Although the monks of Mt. Athos do not eat meat, they do consume quite a lot of fish.

Fruit is never absent from the dinner table. The Athonite monks cultivate apple, pear, quince, cherry and fig trees. In the summer, they can partake of watermelons, melons and grapes, while in the winter, oranges, tangerines and lemons.

Dairy products and eggs are supplied to the monasteries from surrounding areas, since animal husbandry and poultry farming is prohibited.

“The main foodstuffs are vegetables, legumes, cereals, mushrooms, shellfish and marine molluscs”

MEAL TIMES

To many, it may seem odd that the monks eat in the morning. Indeed, the meal they eat at around 9 am is called “lunch”, while what we usually refer to as “dinner” is eaten in the afternoon. As far as the monks are concerned, there is no distinction between breakfast, lunch and dinner. There is simply the morning meal and the evening meal.

I should stress at this point that the monasteries of Mt. Athos have a completely different system of timekeeping. It is one based on the solar day and has come to be known as Byzantine time, with the day beginning at sunset.

I humbly believe that the biological clock of each person is adapted to the tasks and targets in their everyday life.

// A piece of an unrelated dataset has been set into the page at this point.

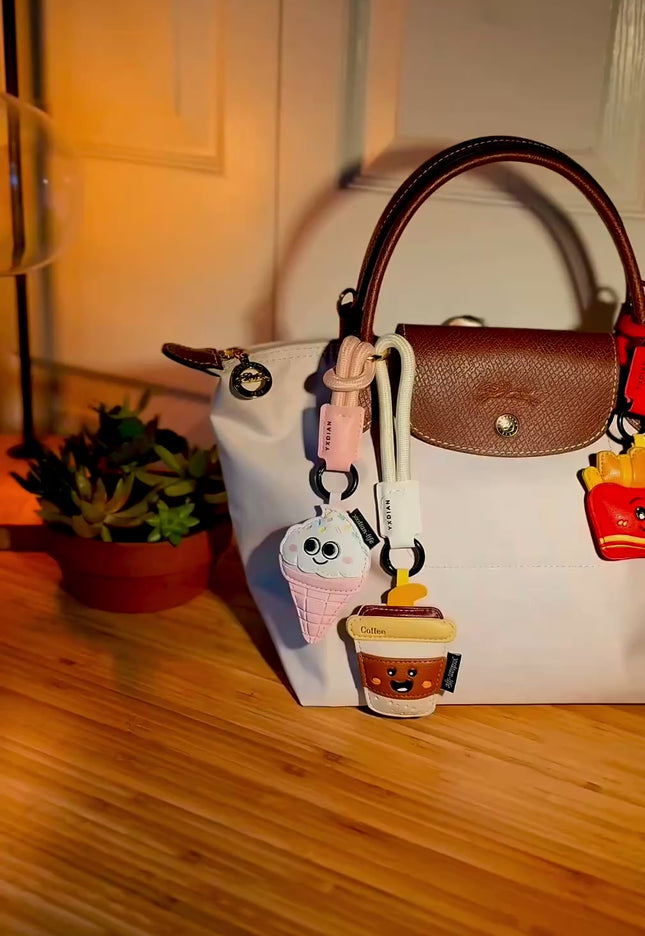 Foodie Face Bag Charms - Fries, Ice Cream, Coffee Cup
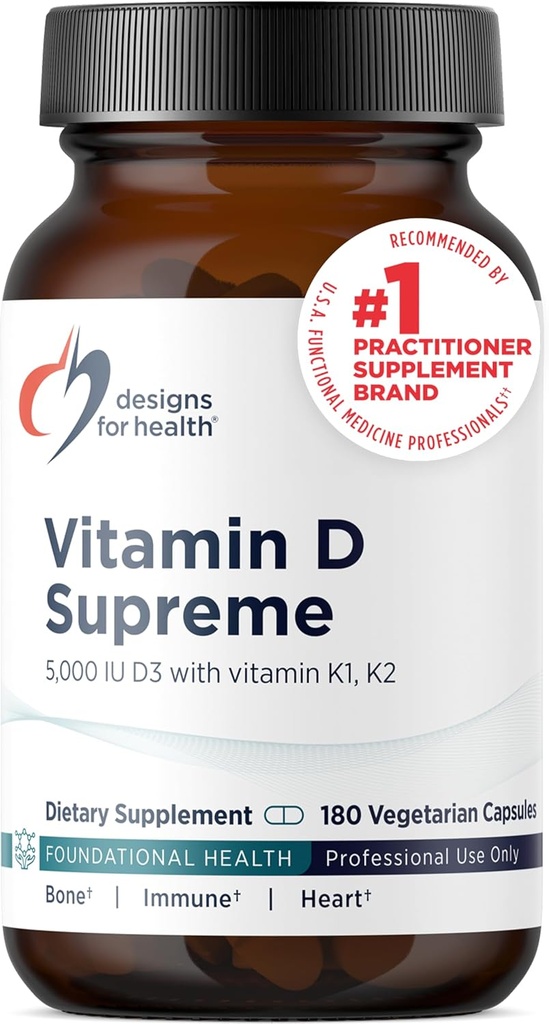 Desain untuk Health Vitamin D Supreme - Vitamin D 5000 IU dengan 2000mcg Vitamin K sebagai MK4 untuk Kesehatan Tulang, Kesehatan Jantung, Mood & Imune Dukungan - Vitamin D3 Diaktifkan dengan GG Suplemen (180 Capsules)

Food and sleep become adapted to our needs. In any case, it is the soul whereby man lives.

There are rules that specify in detail the days of fasting, of abstinence and of consumption of particular foods, which each monk is required to know.

These rules about when we abstain from fish, dairy products or olive oil, and when it is permitted to eat these items, are most salutary. As too is the alternation between fasting and consumption, resulting in almost 180 days a year when we abstain from olive oil.

Apart from the physical health factor, fasting also promotes the health of the soul. Fasting endows us with greater confidence and humility so that, liberated, the monk may fill his soul with love for his fellow man. And this is a path that leads us to Christ himself.

Monk Epiphanios of Mylopotamos Monastery

“There are rules that specify in detail the days of fasting, of abstinence and of consumption of particular foods, which each monk is required to know.”